Experience the life of ancient cliff dwellers through pottery, textiles, and plant remains at the Verde Valley Archaeology Center and Museum, or see cliff dwellings at Montezuma Castle National Monument. Later, load up on chili dogs and nachos at Verde Brewing Co., then wait for evening, when Camp Verde’s star-filled skies (the town was designated as an International Dark Sky Community in 2018) are in full swing.
Hot Springs, Northern Nevada
Northern Nevada tends to stay cooler longer than its southern counterpart, making spring break a wonderful time to dip into the region’s geothermal hot springs. The state is home to 300 of them—some extremely primitive, others with restaurants, bars, and locker rooms—and part of the fun is in tracking down your own private soaking pool (just be sure to wear proper shoes for slogging through mud and sagebrush and to always test the water beforehand—some springs are dangerously hot).
For a rustic soak that doesn’t require a compass, consider Paradise Valley Hot Spring, a free-to-enter (and clothing optional) soaking tub that sits alongside the Little Humboldt River off of Route 95. If you’re looking for something more refined, head to Carson Hot Springs. Here, the area’s Washoe tribe were once frequent visitors to these natural waters, which are today outfitted with nine indoor private pools and four outdoor mineral pools. Another great option is the historic 1862 David Walley’s Resort, which is nestled at the base of the Sierra Nevada mountains in Genoa. Both hot springs have food onsite, but the Genoa Country Store in Genoa and Heidi's Family Restaurant in Carson City each serve up eats that are tasty and budget-friendly.

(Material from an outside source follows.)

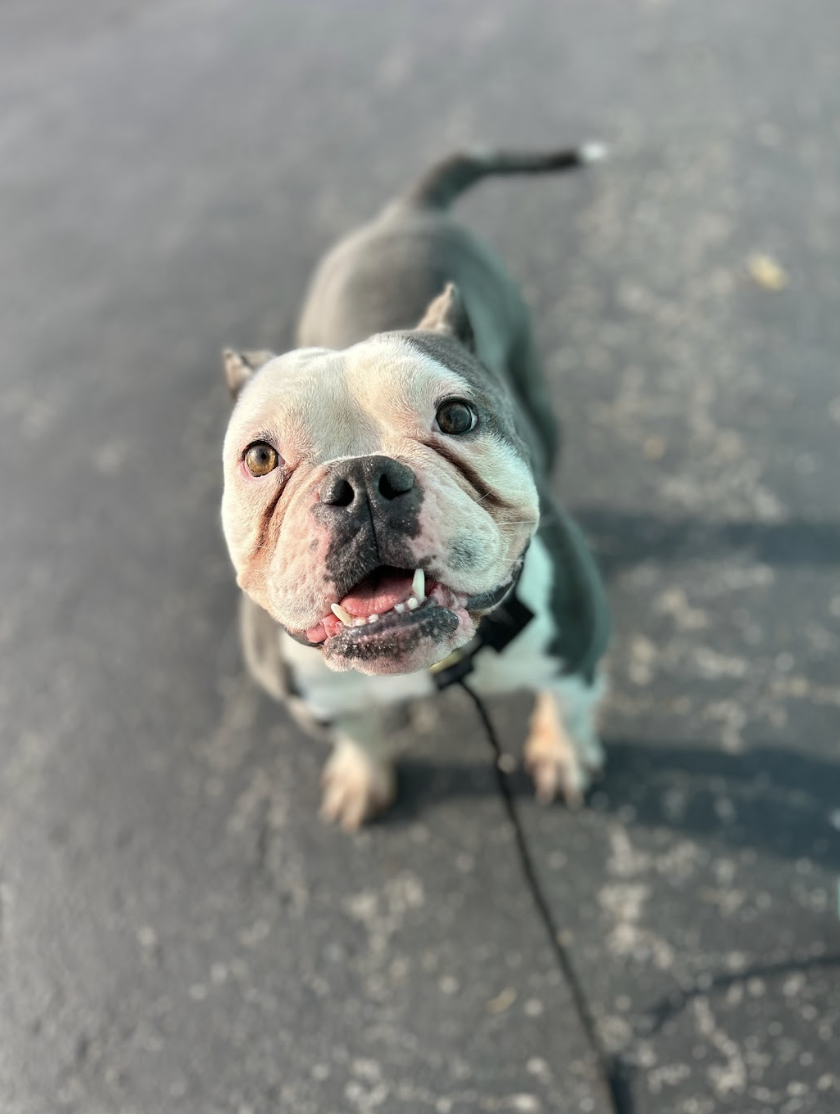 Screenshot 2026-02-25 at 1.03.04 PM.png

Follow in the footsteps of more than 250,000 emigrants who embarked along the historic California Trail in the mid-19th century, or do a little trekking of your own in and around Elko, northeastern Nevada’s largest town. Set among the backdrop of the Ruby Mountains, there’s easy access to numerous hiking trails, including the 3.6-mile Island Lake Trail, where wildflowers are on full-display come spring.
Back in town, artists from across the West and around the globe are responsible for the brightly painted murals decorating the walkable downtown, while its restaurants—including the family-style dining room of the legendary Star Hotel—showcase the region’s Basque culture. The superb California Trail Interpretive Center highlights the arduous journey through life-size dioramas and audio stories. Visitors can learn more about this authentic Western town and its surroundings at the Northeastern Nevada Museum, home to Shoshone baskets, mining artifacts, and one of the state’s largest taxidermied wild animal collections.
Spring in Yellowstone is a time of newly born bison and bear cubs, cascading waterfalls, and fewer crowds, and Cody—just 55 miles from the park’s east entrance—makes for the perfect base. Legendary showman and Pony Express rider “Buffalo Bill” Cody founded this richly colorful town in the late 19th century, and it’s been attracting visitors since. These days, you can dine on beef brisket and rib-eye sandwiches at the historic Irma Hotel, or peruse the five massive museums that make up the Buffalo Bill Center of the West. Here, you’ll find everything from the paintings of “Cowboy Artist” Charlie Russell to a series of Vans sneakers painted by artists from Montana’s St. Labre Indian School on view.
When you’re ready to explore the surrounding area, take the Buffalo Bill Cody Scenic Byway, which connects Cody and Yellowstone and travels 27.5 miles along the Shoshone River’s north fork and winds its way through forest, canyons, and open valleys. Don’t-miss stops include the steaming fumaroles of Colter’s Hell and Buffalo Bill Dam—considered an engineering marvel upon its 1910 completion.